__Goal of the exercise__
The lines to transcribe begin with the one containing "Persas + Macedônicos" and end with the last line below; reproduce them exactly, without the pictures.

__Captioned web image data__
________
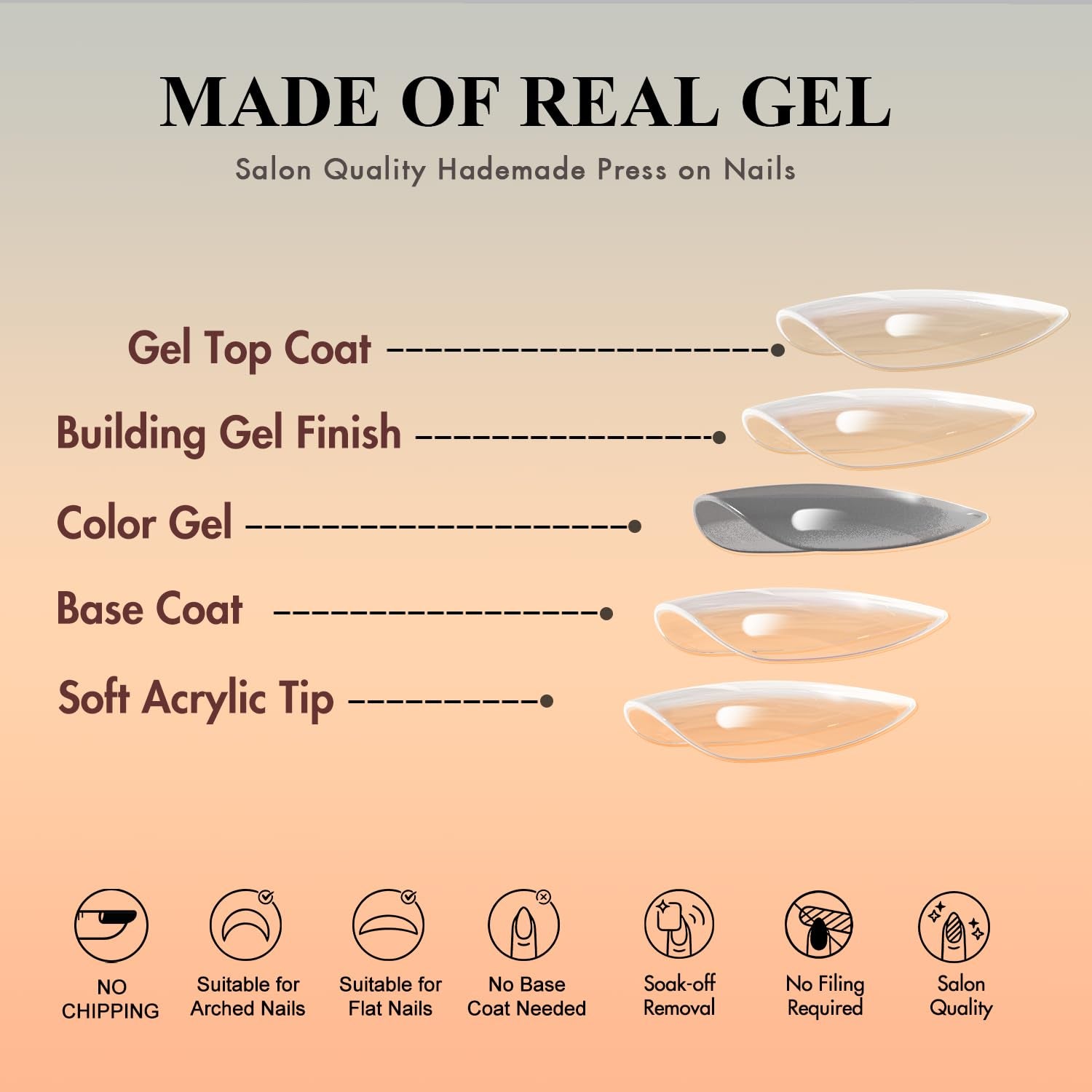 Unghii false cu vârf francez scurt – 30 de bucăți de unghii negre pentru a le lipi pe unghii scurte pătrate, unghii false cu vârf francez cu lipici, set unghii artificiale pătrate pentru femei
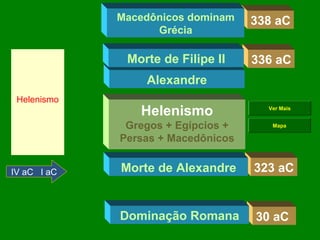 Macedônicos dominam
Grécia

338 aC

Morte de Filipe II

336 aC

Alexandre
Helenismo

Helenismo
Gregos + Egípcios +
Persas + Macedônicos

IV aC I aC

Ver Mais
Mapa

Morte de Alexandre

323 aC

Dominação Romana

30 aC

 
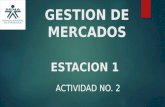 GESTION DE MERCADOS ESTACION 1 ACTIVIDAD NO. 2. CONTENIDO MISIÓN VISIÓN ROL APRENDIZ ROL INSTRUCTOR FUNCIONES DE SOFÍA PLUS FUNCIONES DE LA PLATAFORMA.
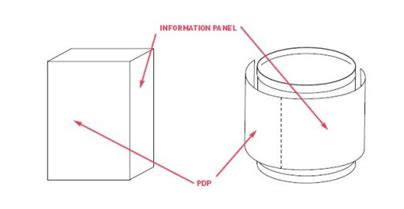 Statement Of Identity Food Label Example Understanding Food Labels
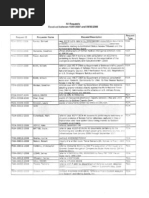 FY 2008 DIA FOIA log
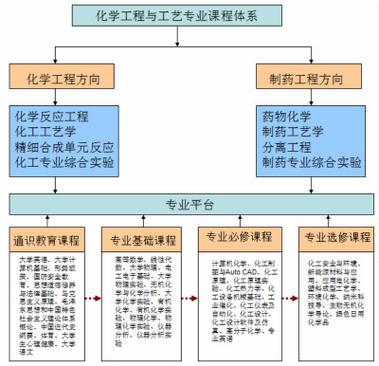 化学工艺专业学什么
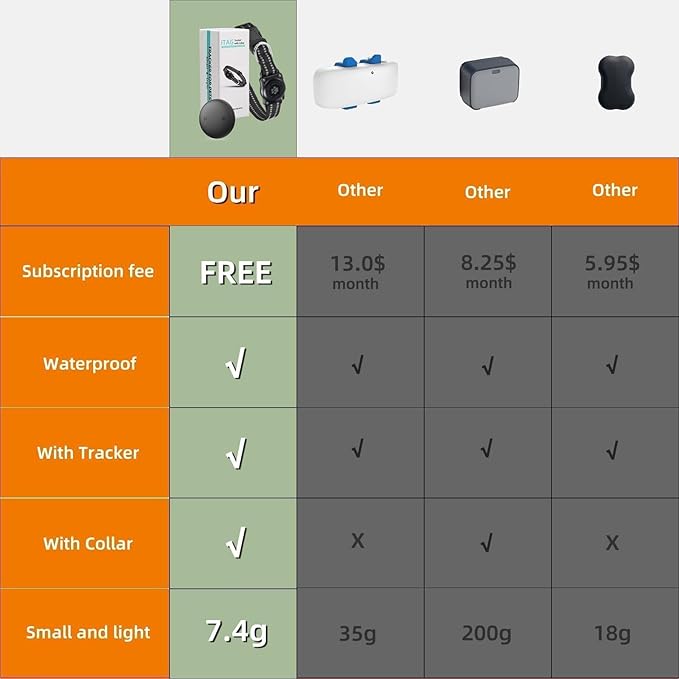 GPS Tracker for Dogs, Mini GPS Cat Tracker, Smart Pet Activity Tracker (iOS Only), No Monthly Fee, Compatible with Apple Find My, Anti-Lost, Finder Tag for Vehicles/Pets/Kids/Items (1 Pack)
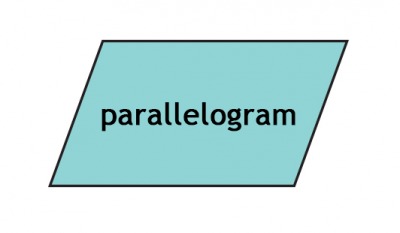 parallelogram parallelogram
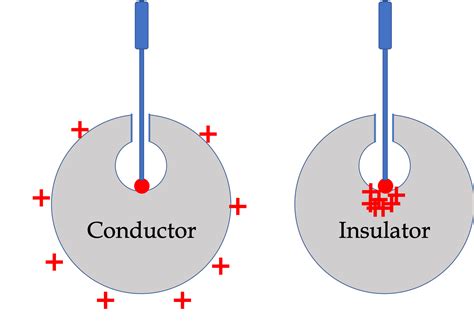 Definition Of A Electrical Conductor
________
__Answer box__
Persas + Macedônicos

IV aC I aC

Ver Mais
Mapa

Morte de Alexandre

323 aC

Dominação Romana

30 aC

 
 GESTION DE MERCADOS ESTACION 1 ACTIVIDAD NO. 2. CONTENIDO MISIÓN VISIÓN ROL APRENDIZ ROL INSTRUCTOR FUNCIONES DE SOFÍA PLUS FUNCIONES DE LA PLATAFORMA.
 Statement Of Identity Food Label Example Understanding Food Labels
 FY 2008 DIA FOIA log
 化学工艺专业学什么
 GPS Tracker for Dogs, Mini GPS Cat Tracker, Smart Pet Activity Tracker (iOS Only), No Monthly Fee, Compatible with Apple Find My, Anti-Lost, Finder Tag for Vehicles/Pets/Kids/Items (1 Pack)
 parallelogram parallelogram
 Definition Of A Electrical Conductor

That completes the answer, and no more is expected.